For Orthodox of both eastern and western rites, the period leading up to Christmas is a time of abstaining from animal products.  Fish may be ok, shellfish too, but meat, dairy and eggs are right out.  So we find other things to do.  These two recipes have become mainstays for me this season, already: and I’m surprised I never thought of them before.  Both allow for a lot of variation and so I’ve added notes to each.  Salad goes nicely with them.

Ramen Miso
We will start with the soup.  You see the ramen packs above, that’s what we want – but throw out the flavour packets. It’s all salt and some other crap.  It’s totally pointless: what we want is the noodles.

Bring two or three cups of water to a boil.  To this add some miso paste: follow the instructions on the package, mine says 1 tbl per cup of water.  Then add one extra serving – so for two cups of water, I add 3 tbls of miso.  YMMV.  Then add the noodles and simmer until tender. Salt and pepper for taste.

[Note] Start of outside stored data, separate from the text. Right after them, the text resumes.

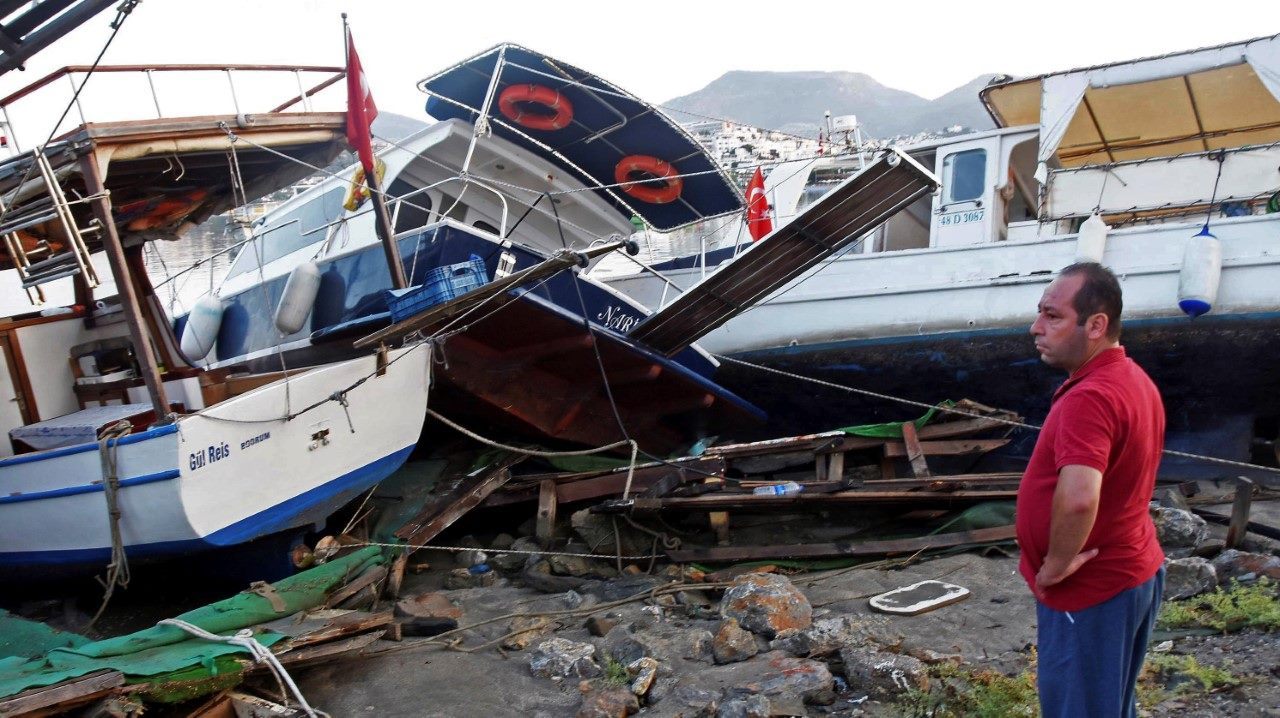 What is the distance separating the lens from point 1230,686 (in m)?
3.68

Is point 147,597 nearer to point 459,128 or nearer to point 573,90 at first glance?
point 459,128

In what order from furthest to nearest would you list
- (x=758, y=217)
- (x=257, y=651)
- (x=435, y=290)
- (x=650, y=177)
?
(x=758, y=217) < (x=650, y=177) < (x=435, y=290) < (x=257, y=651)

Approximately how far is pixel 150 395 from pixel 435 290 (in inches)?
80.5

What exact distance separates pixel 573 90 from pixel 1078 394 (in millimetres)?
7187

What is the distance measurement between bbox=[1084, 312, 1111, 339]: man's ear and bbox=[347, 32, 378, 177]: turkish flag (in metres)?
5.67

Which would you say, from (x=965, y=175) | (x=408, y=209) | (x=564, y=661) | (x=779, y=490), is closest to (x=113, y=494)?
(x=564, y=661)

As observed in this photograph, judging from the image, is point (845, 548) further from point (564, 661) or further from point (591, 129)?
point (591, 129)

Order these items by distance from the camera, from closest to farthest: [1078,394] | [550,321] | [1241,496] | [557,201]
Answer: [1078,394], [1241,496], [550,321], [557,201]

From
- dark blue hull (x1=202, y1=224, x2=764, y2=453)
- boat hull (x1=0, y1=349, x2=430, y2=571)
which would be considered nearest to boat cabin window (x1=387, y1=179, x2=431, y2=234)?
dark blue hull (x1=202, y1=224, x2=764, y2=453)

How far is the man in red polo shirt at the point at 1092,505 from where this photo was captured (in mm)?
2314

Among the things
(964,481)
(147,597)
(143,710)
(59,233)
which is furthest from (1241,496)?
(59,233)

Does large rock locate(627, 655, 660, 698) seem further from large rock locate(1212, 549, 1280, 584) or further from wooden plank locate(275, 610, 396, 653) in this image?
large rock locate(1212, 549, 1280, 584)

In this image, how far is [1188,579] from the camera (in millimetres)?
4852

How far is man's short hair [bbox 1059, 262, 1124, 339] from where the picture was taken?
2.42m
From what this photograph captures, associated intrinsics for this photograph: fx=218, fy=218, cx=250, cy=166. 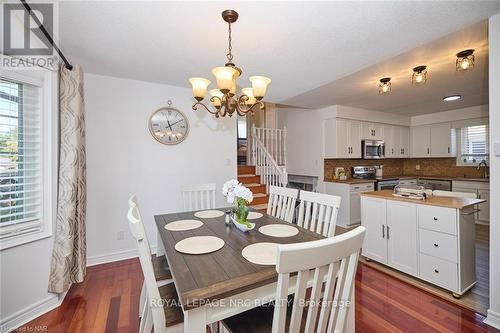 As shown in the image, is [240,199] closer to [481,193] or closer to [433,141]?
[481,193]

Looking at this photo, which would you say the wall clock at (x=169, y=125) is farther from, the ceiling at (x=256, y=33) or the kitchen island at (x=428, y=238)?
the kitchen island at (x=428, y=238)

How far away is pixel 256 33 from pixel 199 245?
1.73 metres

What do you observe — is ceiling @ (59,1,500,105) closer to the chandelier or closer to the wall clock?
the chandelier

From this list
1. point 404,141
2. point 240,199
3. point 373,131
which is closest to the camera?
point 240,199

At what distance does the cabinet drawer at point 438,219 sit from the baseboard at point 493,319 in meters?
0.61

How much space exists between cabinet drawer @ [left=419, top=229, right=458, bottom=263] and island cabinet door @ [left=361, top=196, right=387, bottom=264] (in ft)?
1.29

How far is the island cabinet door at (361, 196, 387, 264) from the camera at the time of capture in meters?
2.59

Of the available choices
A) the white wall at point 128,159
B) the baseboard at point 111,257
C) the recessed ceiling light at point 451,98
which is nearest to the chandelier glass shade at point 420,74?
the recessed ceiling light at point 451,98

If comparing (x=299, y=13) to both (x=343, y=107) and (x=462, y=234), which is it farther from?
(x=343, y=107)

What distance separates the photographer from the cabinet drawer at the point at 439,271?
2016 mm

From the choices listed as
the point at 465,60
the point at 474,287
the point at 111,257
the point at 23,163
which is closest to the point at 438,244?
the point at 474,287

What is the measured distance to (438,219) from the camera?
211cm

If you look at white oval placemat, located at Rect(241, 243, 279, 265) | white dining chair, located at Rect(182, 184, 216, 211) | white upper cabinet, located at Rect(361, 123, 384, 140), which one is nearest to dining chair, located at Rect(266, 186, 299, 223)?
white dining chair, located at Rect(182, 184, 216, 211)

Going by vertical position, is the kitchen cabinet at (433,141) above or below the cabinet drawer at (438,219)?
above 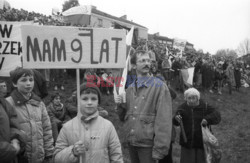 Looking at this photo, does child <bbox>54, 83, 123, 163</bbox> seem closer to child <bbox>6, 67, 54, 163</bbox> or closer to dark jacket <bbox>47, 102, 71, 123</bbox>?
child <bbox>6, 67, 54, 163</bbox>

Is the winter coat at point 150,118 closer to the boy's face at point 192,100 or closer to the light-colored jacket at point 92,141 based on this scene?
the light-colored jacket at point 92,141

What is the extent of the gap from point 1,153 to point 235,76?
18.1 m

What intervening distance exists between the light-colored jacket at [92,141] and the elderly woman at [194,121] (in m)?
1.71

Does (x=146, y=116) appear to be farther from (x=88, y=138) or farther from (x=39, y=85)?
(x=39, y=85)

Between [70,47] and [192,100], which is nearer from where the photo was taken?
[70,47]

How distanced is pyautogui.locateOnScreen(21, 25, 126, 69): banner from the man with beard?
48 cm

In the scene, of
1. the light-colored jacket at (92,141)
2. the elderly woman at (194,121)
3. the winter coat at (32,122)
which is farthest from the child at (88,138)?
the elderly woman at (194,121)

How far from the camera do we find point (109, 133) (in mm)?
2527

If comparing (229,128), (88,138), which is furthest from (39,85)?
(229,128)

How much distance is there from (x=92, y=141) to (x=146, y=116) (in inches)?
27.0

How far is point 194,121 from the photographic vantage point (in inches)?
154

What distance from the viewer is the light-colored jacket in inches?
94.4

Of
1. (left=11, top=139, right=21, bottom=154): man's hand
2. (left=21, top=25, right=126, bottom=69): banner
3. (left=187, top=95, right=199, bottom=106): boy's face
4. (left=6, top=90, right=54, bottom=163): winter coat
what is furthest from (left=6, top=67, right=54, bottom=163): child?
(left=187, top=95, right=199, bottom=106): boy's face

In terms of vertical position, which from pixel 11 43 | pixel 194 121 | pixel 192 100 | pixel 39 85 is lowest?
pixel 194 121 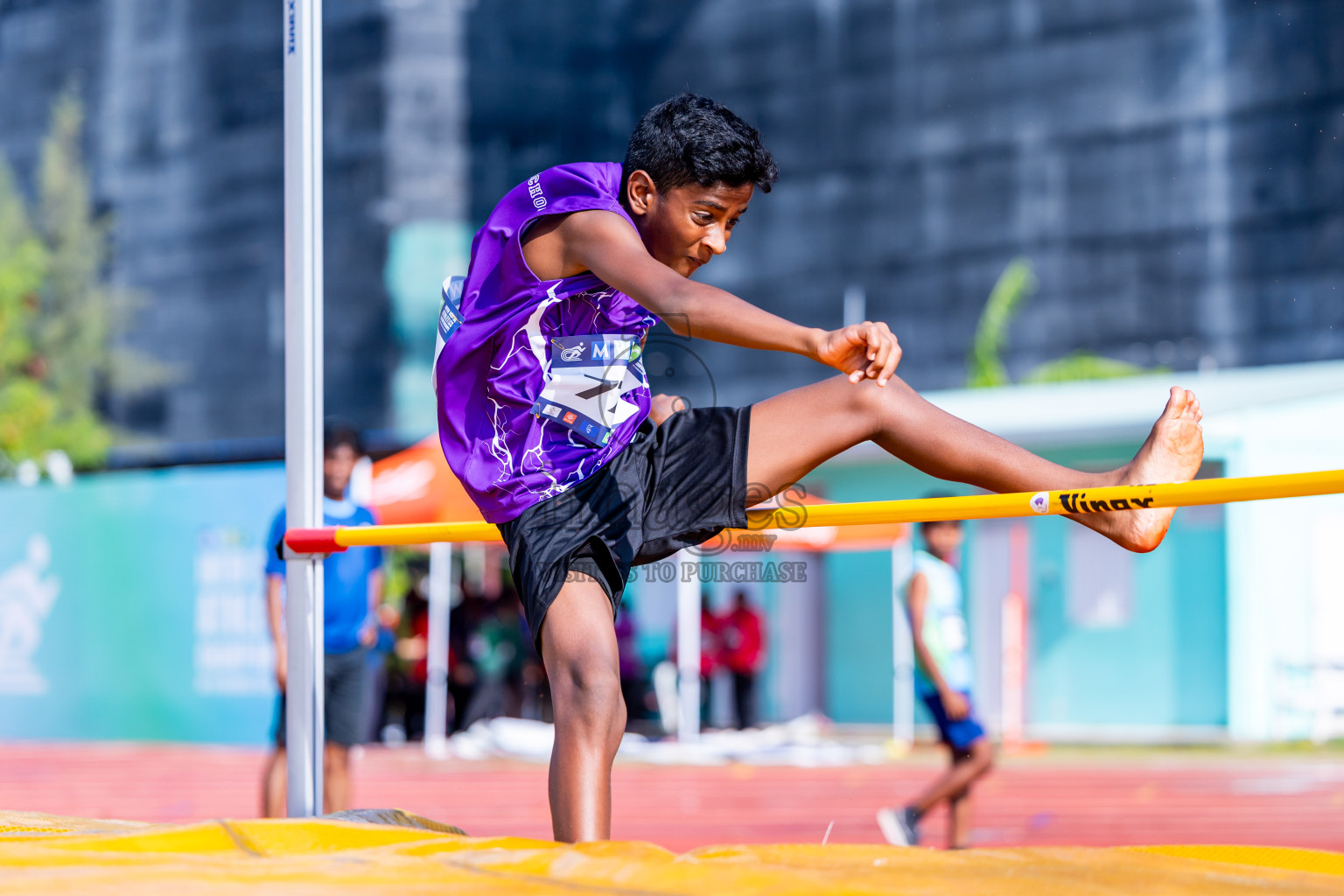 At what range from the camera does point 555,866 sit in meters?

That’s it.  Miso soup with ramen.

It’s also very boring.  So:  try adding diced up tofu, seitan, or tempe.  This can be flavoured anyway you want.  Try adding veggies!  I’ve found that a bag of frozen mixed veggies works just fine here. As does leftover Chinese food diced up. Stir fry something or add it raw and simmer until done. Greens are good, bok choi rocks. Last night I had it with box choi and mushooms.  This works really well for two servings: one for supper and one to take to the office.

Frybread
This one is a little more complex but very tasty.

Combine 2/3 Cup self-rising flour with 1/2 tbl of NRG Egg Replacer powder. Whisk the dry ingredients together and stir in about 2/3 cup of water.  You want a very stiff dough and, depending on the flour and the weather, you may not need all of it, but you don’t want it runny: a well mixed cookie dough is about right.

Heat up a couple of tbls of olive oil or canola oil in a deep frying pan for which you have a lid.  You’re going to want about 3 inches above the bread – so pick wisely and do so before you have hot oil!

Place the dough in the oil and spread it out a little. It should start frying instantly. Add the cover and then get a couple of tbls of water.  Carefully spritz the water around the bread and cover instantly. DANGER Water and Hot Oil is a volatile mix.  Be very careful.  What you are doing is setting of a mixed cooking method of steam and fry.

In about three or four minutes the bread will rise up be easy to flip over with a turner.  Cover again and cook until done (another 3 or 4 mins).

DANGER there is still hot oil here…

Slice, spread some vegan butter spread on top and nom away.

Variations that I’ve tried so far this year: instead of water I added almond-based “winter nog” and some sugar got a wonderful fried dessert product.  I’ve mixed the bread with 1/3 cup self-rising flour and 1/3 cup self-rising cornmeal and had fried corn bread!  Instead of water I’ve added veggie broth – very savoury bread!  I’ve also made it with mushroom broth. One failure though: I tried it with cranberry sauce. Just don’t do it.